Columbarium

The St. Mark’s family is extremely blessed to have both the St. Mark’s Columbarium and the West Road Cemetery for the interment of the cremated remains of Parish members and their families.  The West Road Cemetery is at the site of the original St. Mark’s Church and has been used for the burial of Parish members since colonial times.  When the congregation moved to the site on God’s Acre in 1833, the entire West Road site was converted to a cemetery and has been continuously maintained by the Parish for this purpose.  Today, ancient tombstones surrounded by old stone walls and bounded by mature trees provide a dignified and appropriate setting for burial.

 

The St. Mark’s Columbarium was established in 1979 on the present campus. Utilizing low stone walls for the interment of ashes, the Columbarium continues the traditions established at the West RoadCemetery.

 

Trustees are appointed by the Rector and approved by the Vestry and are responsible for the administration of both burial places.  They are charged to maintain the gracious simplicity of the settings and with setting fees to support continuous maintenance. 

 

Please address inquiries to any of the Trustees through the Church Office.

 

We pray that the souls of the faithfully departed will rest in peace, and we pledge to make the resting place of the saints to continue to be a gracious and dignified place where we may come and remember and know that the remains of those we love will be respectfully cared for and about.

 

 

Provisions Governing The Use Of The Memorial Columbarium

 

Reservations: Reservations may be made by members of the Parish for themselves or their immediate families (e.g., their parents or their children) for the use of numbered niches in the Walls of St. Anselm, St. Bede, St. Columba, Azalea or St. David.  Such reservations will be accepted in the order of receipt of payment and will be so recorded in the Columbarium Record Book.
Payments: Each reservation will be confirmed in writing by the Trustees upon receipt of payment in full.
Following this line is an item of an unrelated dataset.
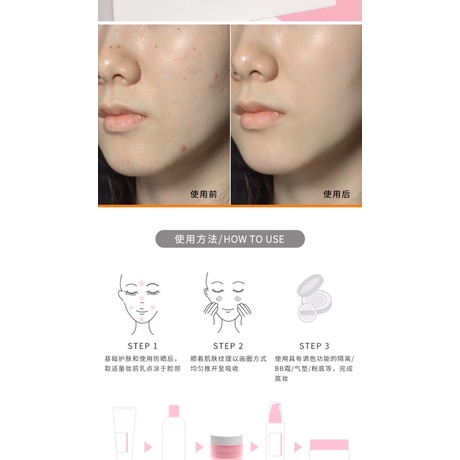 Kem Lót Che Lỗ Chân Lông Poreless Skin Smoothing Face Primer Dupe Unny Club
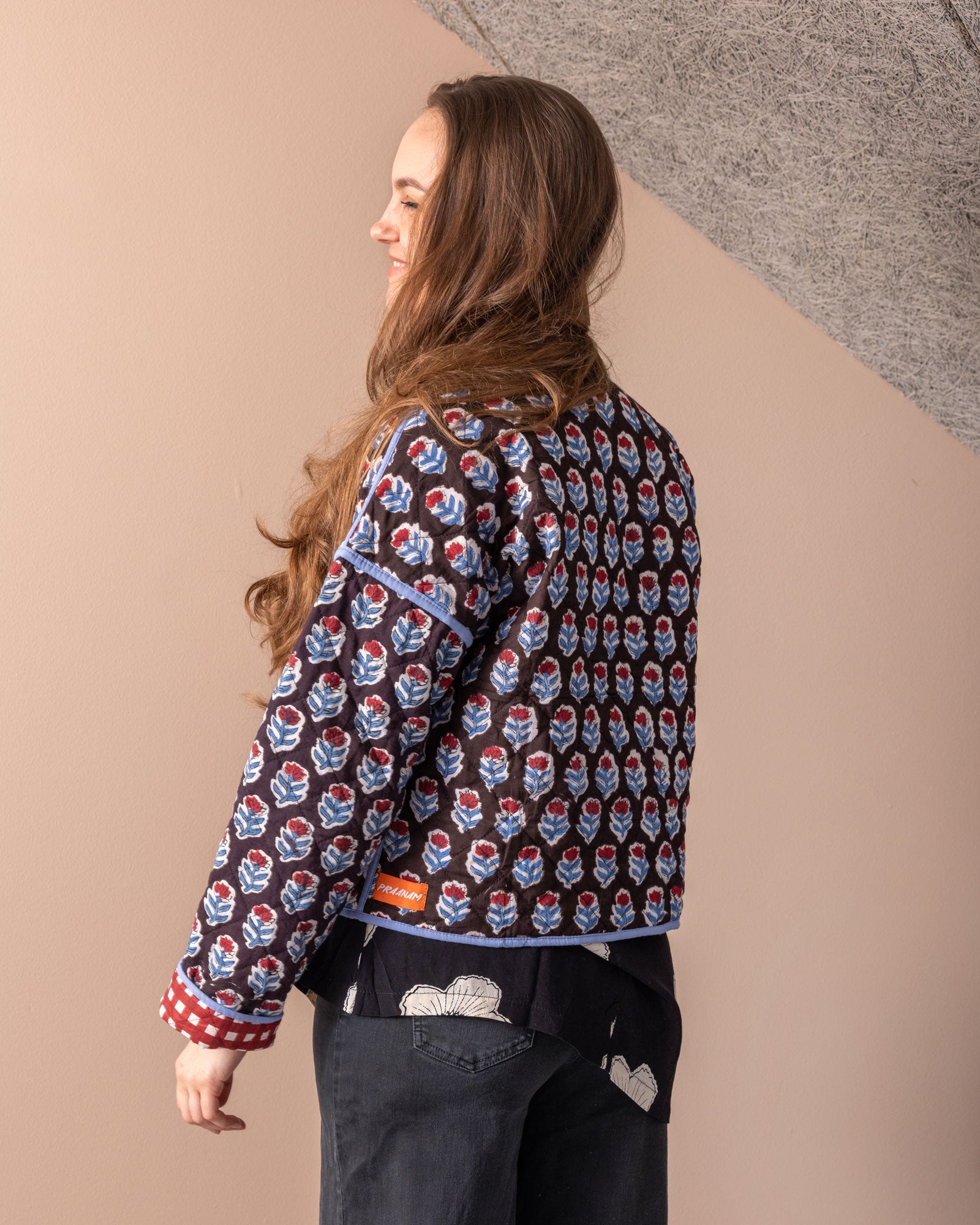 Ananda Jacket - Mud Black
Cancellations: Any purchaser (or their executor or administrator) wishing to cancel a reservation for an interment plot may do so at any time after payment has been received, by releasing the plot back to St. Mark’s, with payments rendered acknowledged as a tax-deductible gift. Reservations are not refundable.


Transfers: Reservations for numbered niche(s) are not transferable except to immediate family members with approval of the Trustees and may be used only for burial of the ashes of the person(s) named by the purchaser in the Letter of Agreement, unless otherwise agreed by the Trustees.


Containers: Ashes to be buried must be in a covered container not to exceed overall dimensions of 7” x 7” x 7” (or 7” x 7” x 11” in St. David’s Wall).  Each niche may contain the ashes of one person only.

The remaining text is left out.